Renewed Clamour to Sack the Reformer

Renewed Clamour to Sack the Reformer

Ojo Maduekwe writes that the All Progressives Congress National Chairman, Comrade Adams Oshiomhole’s drive to reform the party and instill internal discipline might have gone overboard

When he was vying for National Chairman of the All Progressives Congress (APC), Adams Oshiomhole made it clear he was out to reform the APC; take back the party structure from vested interests and return it to the members.

Membership of the APC was saturated by a good number of politicians who defected from the PDP and swelled its ranks ahead of the 2015 general elections. The APC’s singular ideology leading to the 2015 general elections was based on how to dislodge the PDP from the government at the federal level, nothing more.

Before the coming of Oshiomhole and his desire to reform the party, millions of Nigerian voters who casted their votes in favour of the APC during the general election in 2015 were already itching for a reform.

It was with this sense of purpose that Oshiomhole assumed the role of party reformer. His approach would involve using direct primary to elect candidates to represent the party in elections. Although this was bound to have drawbacks – owing to the lack of a credible membership register – it was an approach capable of fostering a sense of ownership by everyone that called the APC home.

Governors in the APC who were normally anti direct primary but beneficiaries of the skewed delegate system, knew what this reform entailed but nonetheless endorsed his candidacy to please President Muhammadu Buhari, backtracking on an earlier tenure elongation for the then APC chairman, Chief John Odigie-Oyegun.

Oshiomhole inherited a party whose change credibility had been battered, and was poised to move the APC away from a system where governors were both lords in their respective states and Abuja; a situation where appointees with access to the president decided what was party policy.

In his drive to reform the party and instill internal discipline, some critics of Oshiomhole say that he might have gone overboard. They allude to his falling out with the Minister of Labour, Dr. Chris Ngige, during which he had openly expressed displeasure with how Buhari was handling the government.

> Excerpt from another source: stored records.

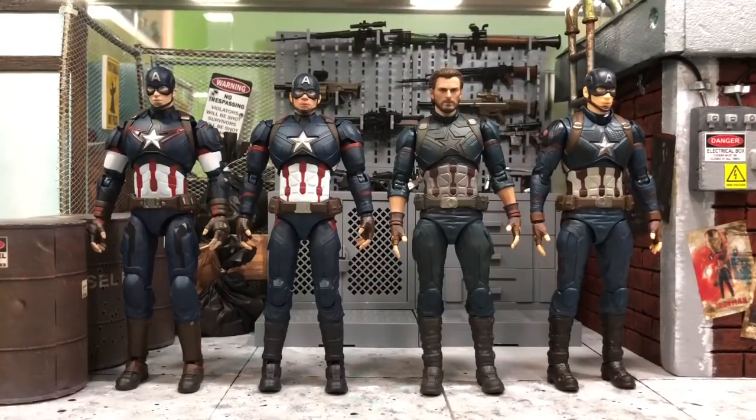Hey, what's up everyone, this is DCSG81 and today we are looking at the comparison review for all the Captain America figures from SH Figuarts.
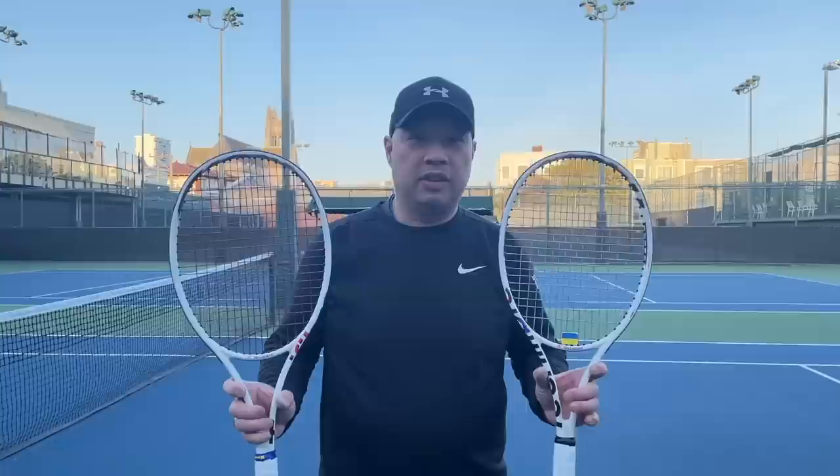Welcome to Tennis Spin, where we put our spin on your tennis. Guys, a lot of you have said, can you weigh your rackets — or Coach Gu's rackets — in different spots and tell me what you feel? So today I weighed Coach Gu's rackets in different spots and we're going to tell you how they feel. Stay tuned.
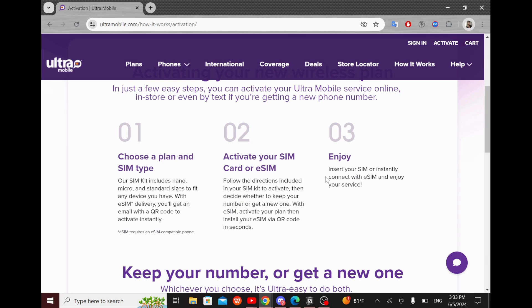And finally, enjoy — insert your SIM or instantly connect with eSIM and enjoy your service.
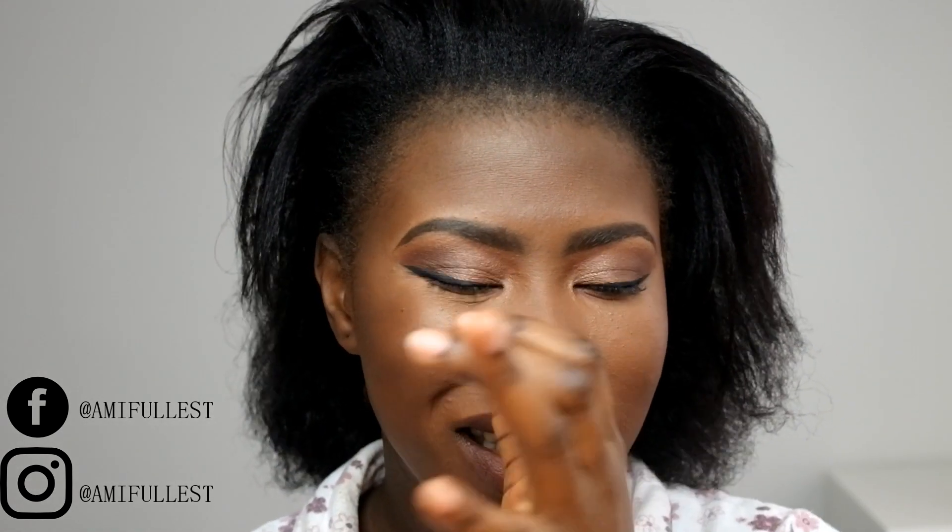It doesn't really leave a white residue, only if I moisturize my hair with the Cantu Shea Butter leave-in conditioner — then I will have a white residue. But today I didn't moisturize my hair with the Cantu Shea Butter leave-in conditioner, so when I don't use that I don't have white residue.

When Ngige refused to inaugurate the board of an agency under his ministry, Oshiomhole, following a closed door meeting with the president’s Chief of Staff, Abba Kyari threatened to suspend Ngige and other party members who disobeyed party directives. According to him, “If the president condones disrespect for his office, I will not condone disrespect for the party.”

In some quarters, this comment portrayed the chairman as courageous and as someone unafraid to take an opposing view different from the president, especially when doing such to preserve the independence of the party.

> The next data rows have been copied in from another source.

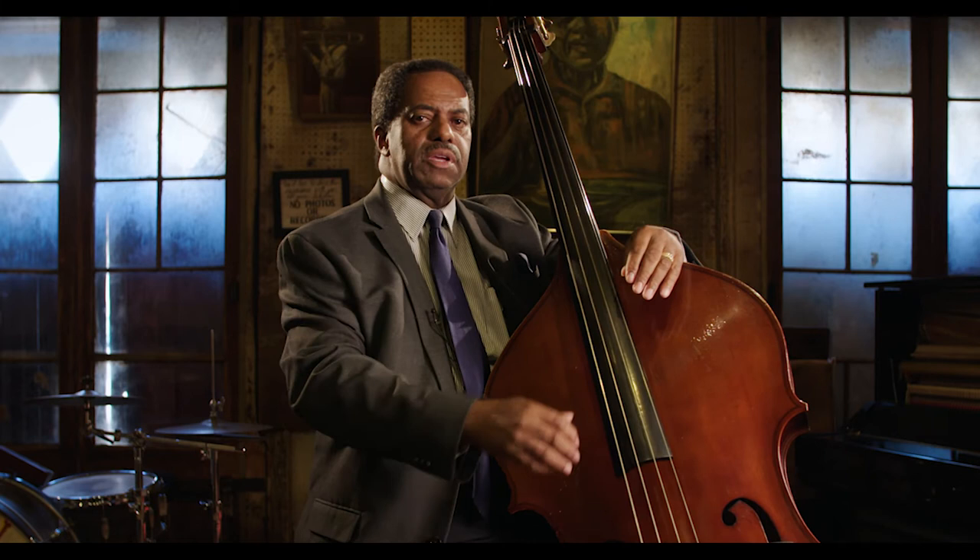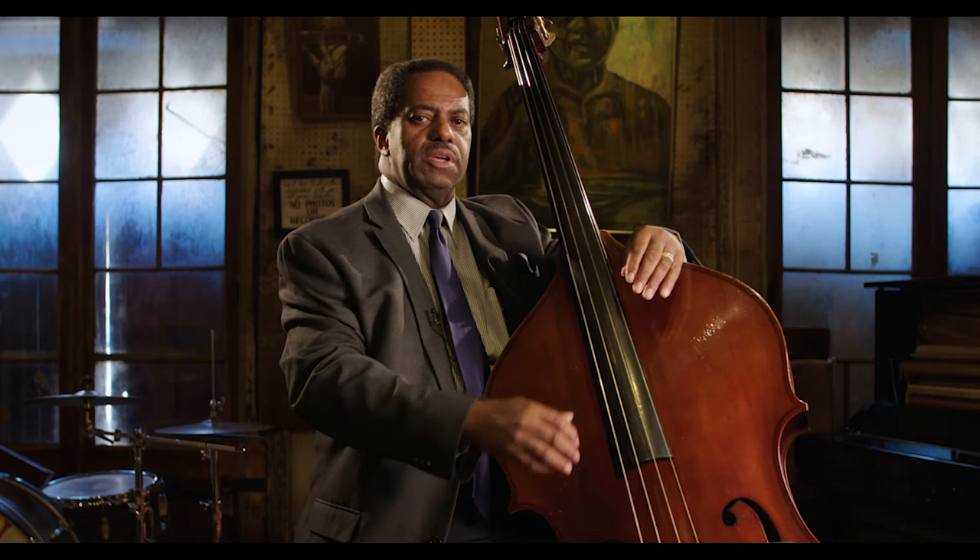Now, if you're in a small band setting, just a trio — maybe clarinet, banjo, and bass — then you take on that dual role that I talked about earlier, where you're playing the harmonic structure, but you're also playing a slap bass style to make the bass a little bit more percussive to where it keeps time. One, two, three, four.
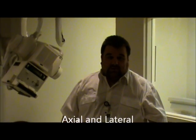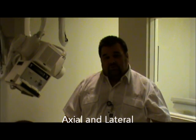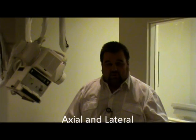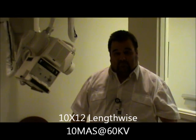Today we're going to be demonstrating the calcaneus views. The routine views for calcaneus will be an axial view, which is the plantar dorsal projection, and we're going to be doing a lateral. The film size for both will be a 10 by 12, and it will be lengthwise. The technique for the axial projection is going to be 60 kV at 10 mAs.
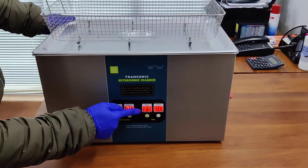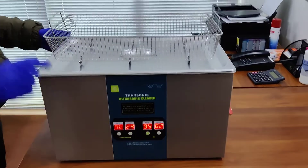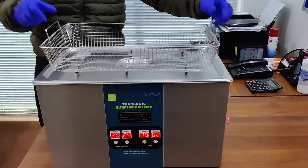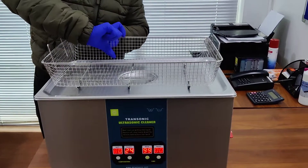There is a digital timer also. The maximum cleaning time can be set from 1 minute up to 99 minutes. The machine comes with a stainless steel basket. The size of the basket is 18.5 inches by 11.5 inches by 3.5 inches in height.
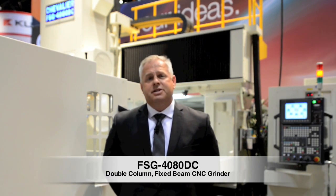I'm Bob Jurak from Concept Machine Tool. We're here at the 2014 IMTS Manufacturing Show debuting the Chevalier Double Column Fixed Beam CNC Surface Grinder.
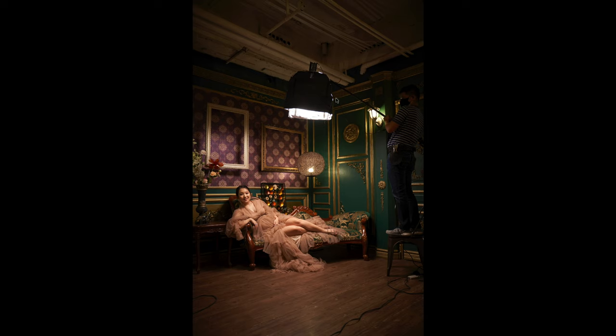This is the Nanlite Lantern 60 — a lantern softbox that's 60 cm, so about 24 inches, give or take. What I did was install the flags on the lantern, and I will explain in a minute why I did that.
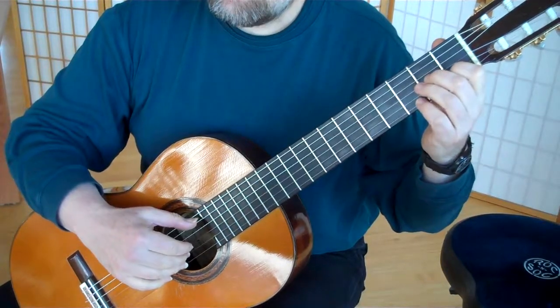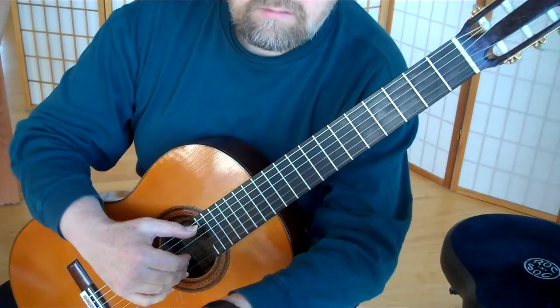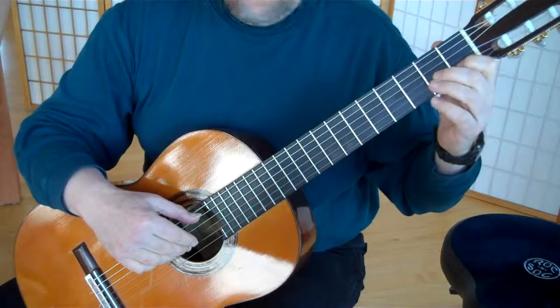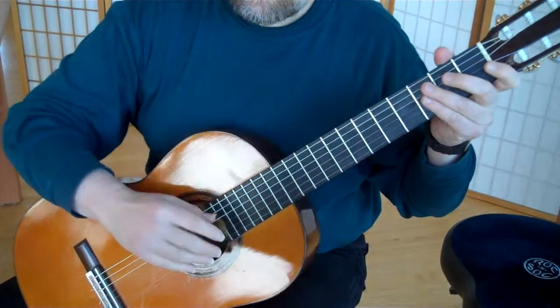So this is the Carulli Etude in A minor. It's on page 81 in the Parkening book. It's a very pretty piece. Complicated fingering on the right hand.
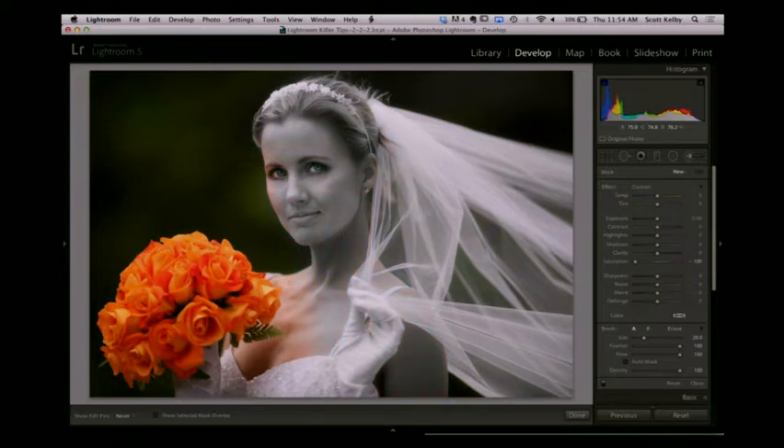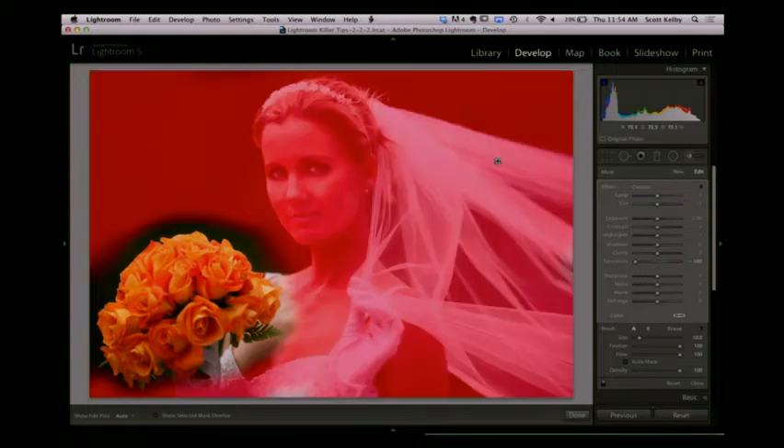Let's go ahead and make everything black and white, but you're going to stay away from the bouquet. Don't get too close to the bouquet — kind of leave some breathing room there. Make your brush smaller and get in this area, but still don't want to get too close to the bouquet. Now that you've painted over most of this stuff, let's make sure we've got it all. Move your cursor over — yeah, we pretty much got it all. We did a pretty good job there.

Fact is the APC was in total disarray, judging from the happenings within offices of the federal government under its control. There were ministers and junior ministers working at cross purposes. The heads of the Economic and Financial Crimes Commission (EFCC), and the Department of State Security (DSS) were refusing to collaborate in executing the president’s fight against corruption.

During these scuffles Buhari appeared disinterested in restraining his appointees and putting his government in order. This disorderliness or like Oshimhole put it, condoning “disrespect for his office”, rubbed off badly on the party. There was need for the APC to save itself by reinventing its internal party politics.

The governor’s backtracking on their plan to elongate the tenure of Odigie-Oyegun was wrongly viewed by observers as a sign that they were open to reform.

It soon became obvious that members of the APC (especially the governors) were not open to change at the inception of the party primaries to elect candidates for the 2019 elections, when the party and the governors clashed on what mode of primary to be used in electing candidates to represent the APC.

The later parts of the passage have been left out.